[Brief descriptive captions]
——————

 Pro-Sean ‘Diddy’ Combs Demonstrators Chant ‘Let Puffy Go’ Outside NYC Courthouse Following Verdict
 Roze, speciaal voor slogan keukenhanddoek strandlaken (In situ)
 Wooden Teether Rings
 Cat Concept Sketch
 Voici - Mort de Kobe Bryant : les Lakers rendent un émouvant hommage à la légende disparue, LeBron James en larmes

——————

Give back each record, exactly as it reads.

 Pro-Sean ‘Diddy’ Combs Demonstrators Chant ‘Let Puffy Go’ Outside NYC Courthouse Following Verdict
 Roze, speciaal voor slogan keukenhanddoek strandlaken (In situ)
 Wooden Teether Rings
 Cat Concept Sketch
 Voici - Mort de Kobe Bryant : les Lakers rendent un émouvant hommage à la légende disparue, LeBron James en larmes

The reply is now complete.